WALTERBORO, SC—On February 8, at approximately 12:30 p.m., Judge Clifton Newman ordered the evacuation of the Colleton County Courthouse in Walterboro, South Carolina due to a credible bomb threat.

Alex Murdaugh with wife, Maggie, and son, Paul.

Alex Murdaugh is on trial for the double murder of his wife and son. The court was about to hear the 38th and final witness, Dwight Falkofske, who is an electronics engineer for the FBI when the courtroom was evacuated.

“Ladies and gentlemen, we have to evacuate the building at this time so we’ll be in recess until we discover what’s going on,” said Judge Newman who noted the court would reconvene at 2:30 p.m.

Murdaugh was briefly escorted out of the building and driven off the property. Authorities moved the crowd across the street, while South Carolina Law Enforcement Division investigated.

Paul And Alex Jr.

Within the crowd was Murdaugh’s son, Alex Murdaugh Jr. who goes by, “Buster.” He was attending the trial with his girlfriend.

The jury and members of the court filed back into the courtroom at 2:30 p.m. with court back in session at 3:20 p.m. Judge Newman made no further mention of the bomb threat.

Murdaugh, 54, is on trial for the murder of his wife, Margaret “Maggie”, 52, and his son, Paul Murdaugh who were shot to death on June 7, 2021. Alex maintains his innocence indicating that he was taking a nap, and drove over to see his mother. Prosecutors submitted forensic evidence found by the FBI who reported that gunpowder residue was found on the accused’s clothing and seatbelt.

Judge Newman granted permission for Murdaugh’s financial crimes to be heard while court is in session due to the prosecution’s claim the murders were committed to cover up the financial crimes by the defendant who allegedly stole $8.5 million from at least 12 individuals.

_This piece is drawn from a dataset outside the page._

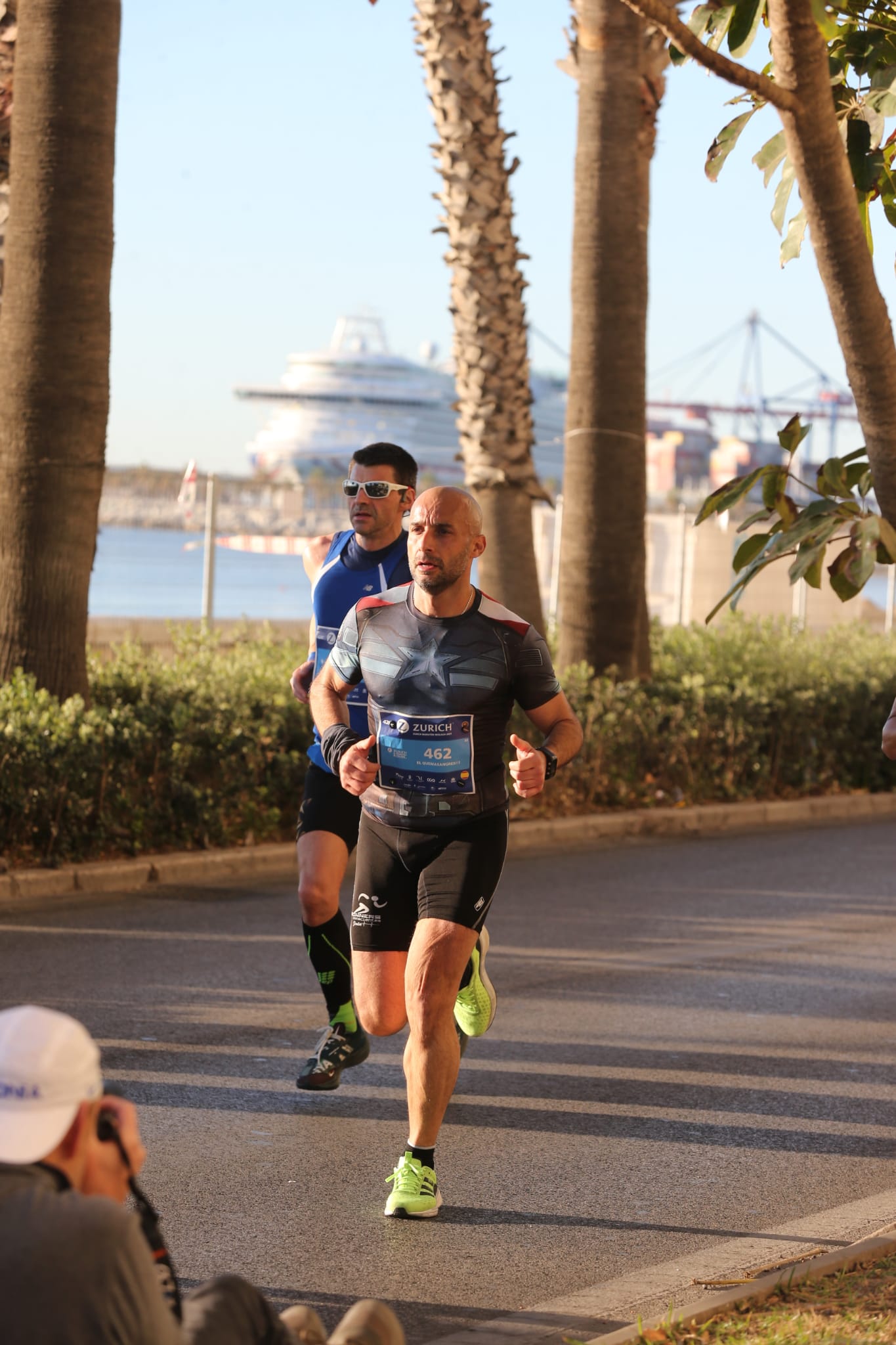 Cerca de 9.000 corredores participan en esta prueba que incluye también una media maratón, con 4.700 atletas más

“I find that the jury is entitled to consider whether the apparent desperation of Mr. Murdaugh because of his dire financial situation and the threat of being exposed for committing the crimes of which he was later charged with resulted in the commission of the alleged crimes. While the motive is not a necessary element, the state must prove malice, and evidence of motive may be used to prove it,” said Judge Newman.